Inspired by a post at Strobist about David Tejada’s Home Depot faux terra-cotta (plastic) planter-turned-beauty-dish for shoe-mount flash, I set out to create one of my own.  Unfortunately, the “plans” Tejada followed won’t really work for me: the gutter downspout connector he used really only fits the head of a very small flash (the Nikon SB-800 was a remarkably compact flash) but my Canon 550EX units are far larger.  After doing some research on “the Internets,” I found a beautifully made dish that employed a mixing bowl and a pizza pan: Todd Owyoung’s “Chinatown Special.” Remarkably, there’s a restaurant supply company near my house, but I am without a Dremel tool, so I was faced with a choice: increase the cost of the project by getting a Dremel, or adapting Owyoung’s idea to the plastic Home Depot planter.  I’ve chosen the latter.

So what about the reflector in the middle?  Tejada, along with many people online, went with a CD case with a blind-spot mirror for a car epoxied in the center, but I thought the Chinatown Special’s use of a pizza pan was much more true to the design of actual beauty dish light modifiers.  Unfortunately, an eight-inch pizza pan would occupy far too much space within the planter, so I went hunting for something a little smaller–something between five and six inches.  Ultimately, I found a metal disc that would fill the same proportion of the Home Depot planter that the pizza pan filled the center of the mixing bowl: the lid from a paint can.

Finally, I had to decide how to mount the flash to the dish, and once again I borrowed from Todd Owyoung’s design and have found screws that serve as attachment points for a shoe-mount strobe softbox speedring: specifically, from this kit at Cowboy Studio.

Beauty dish
Beauty dish prior to painting

Now, the exciting thing about all of this?  The dish is currently drying/curing, all of the holes have been drilled, the window for the flash has been cut (there was some minor cracking in the bottom of the planter…oops!) but I don’t yet know what quality of light I’m going to get from this, or how evenly the paint can lid will bounce the light around the dish.  So whether it turns out beautifully (pun intended) or is tragically revealed to be an example for others not to follow, you’ll find out here soon!

Lighting with a Beauty Dish

The concept of the “beauty dish” came up today in my Advanced Techniques class at MU.  Two examples that immediately jumped to mind, both linked from David Hobby’s Strobist blog.

The first was a People magazine photo spread from 2007 that featured ten celebrities without the use of retouching–digital or otherwise.  Instead, studio techniques were employed to ensure that these celebrities would not look like mere mortals.  Just the same, I’d rather see clever studio work to get the result “in camera” than to see a photograph in a magazine that features only a few “original” pixels.  Strobist points to a PopPhoto blog that (roughly) explains how the images were created.

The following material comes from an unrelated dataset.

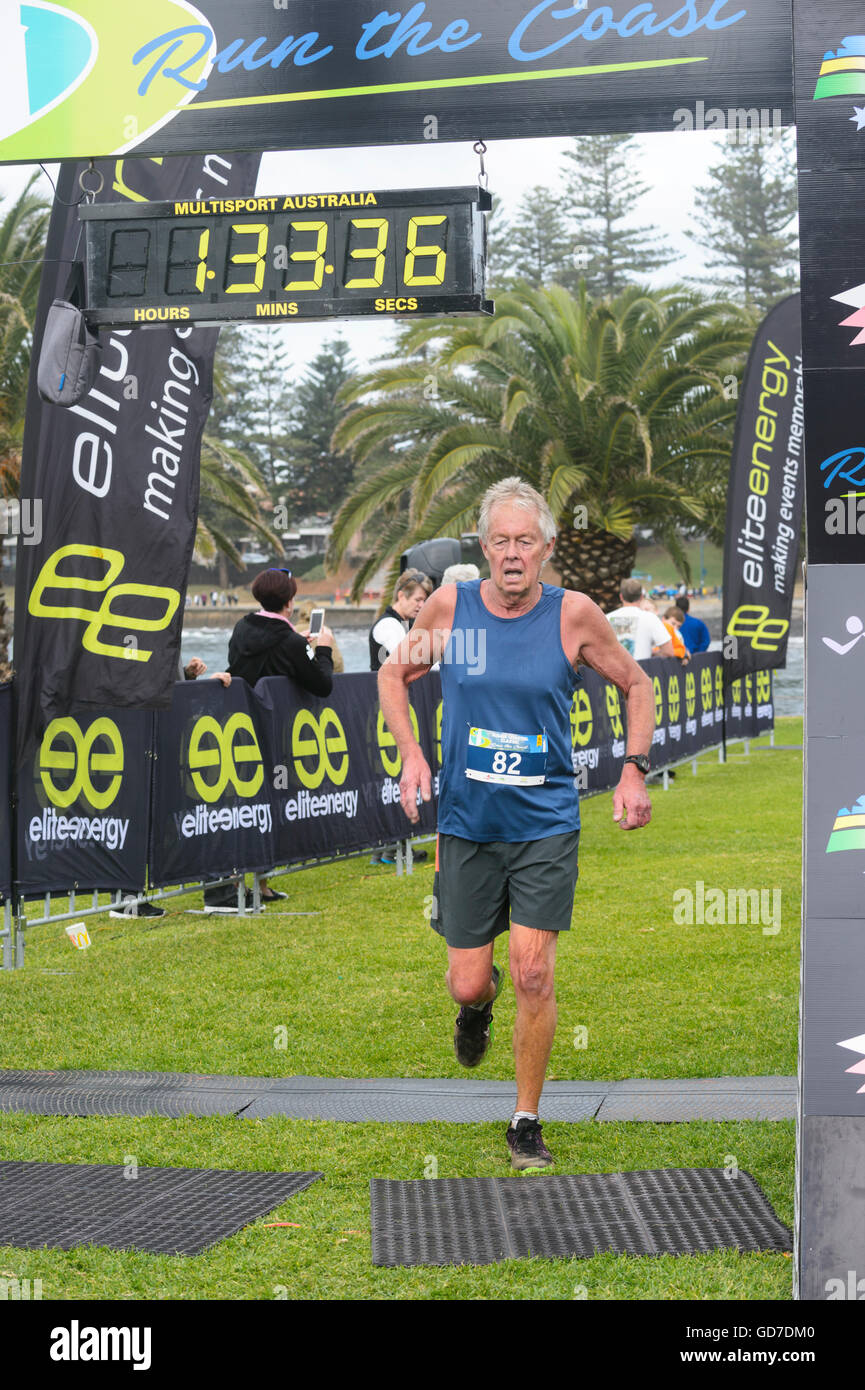 A mature man finishing the Kiama Coastal Classic Run Race, Kiama, Illawarra Coast, New South Wales, Australia Stock Photo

Secondly, I thought of a portrait of a Navy SEAL by photographer Morgan Silk.  The setup for the photograph was a beauty dish, a reflector, and two smaller lights for some rim lighting in back.  It’s explained at F Stop, with some really nice diagrams.  Ironically, and unfortunately, I think just as much post-production retouching went into the photo as would normally have happened with the photos of the ten celebs.  Funny old world.  The addition of the sky is just overkill, but the lighting on the face, especially, is interesting (and simple).

Finally, if you want to make your own beauty dish, there is a tutorial at Light and Pixels.